Perhaps the elemental nature of motherhood can’t quite be understood until we are 'in' our experience, or maybe we wouldn’t head on this collision course with life if we knew what was ahead? If this were the case, why do so many of us go on to do it time and again?
Creating life can be addictive because although 'the love hormone' is understood by endocrinologists as an antidote to craving. The positive feedback mechanism that controls its release actually helps anaesthetise us a little or diminish the sensations of discomfort, and feelings of turmoil that are intrinsically linked with pregnancy, childbirth and motherhood.
When we are deep in the throes of becoming a mother, we often forget ourselves, and without intending to, so do others around us. Whilst pregnancy isn’t necessarily a glowing period for all, many women experience being regarded, honoured even (unless you’re on the 17:59 from London), and taken care of whilst carrying our precious load.
What to expect when you’re expecting
The industry around these very specific periods of time are festooned with ideas, methods and opinions, and many are eager to inform.
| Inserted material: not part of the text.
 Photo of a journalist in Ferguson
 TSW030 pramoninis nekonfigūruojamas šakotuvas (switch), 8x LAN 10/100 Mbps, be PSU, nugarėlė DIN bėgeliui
As the excitement mounts, children’s clothes are cooed over, yoga sessions are chanted in and birth plans are written.
Whatever happens at birth, statistically, becoming pregnant is the most dangerous thing a woman does in her lifetime, but now there’s a baby and attention shifts from you to your newborn.
We all respond differently to the awakening of motherhood. It’s a realisation that comes quickly for some, and as a quest through a submerged haze for others. The magnitude of decisions that arise as we begin to meet our new responsibility can be weighty and unwieldy. Breastfeeding (or not), back to work (or not), childcare (or not), intimacy with a partner (or not), have another child (or not); this list has barely begun.
So, what happens if we meet the responsibility of our new state, or experience having or raising a child and everything that comes with it, not just with gratitude, which helps lessen the sense of heaviness, but also with conviction, so as to empower us?
Wholly embracing that we are the life givers, more often the primary carers, the chefs, the emotional weight bearers, the cleaners, the educators, the travel agents, the event organisers, and so much more, can elevate us, rather than drag us down, and help us to assert ourselves so that we can regard ourselves positively for what we achieve every day. Once we hold ourselves in this regard, it is easier for others to value us and for us to get our needs met.
Researchers at Washington University studied new mothers with varying degrees of stress. They wanted to know if support from the community affected the way a parent relates to their children and their ability to raise them. The results were clear. Mothers without strong support from the community had higher levels of stress, and mothers with higher levels of stress were more worn down and pessimistic about parenting. They also found the opposite true: mothers with strong support from their communities had lower levels of stress and were optimistic.
Supporting women who happen to be mothers is vital because as much as not all women carry and birth, most women find themselves being mothers, sometimes as carers, sometimes as partners, often to their own parents, but mostly to humanity.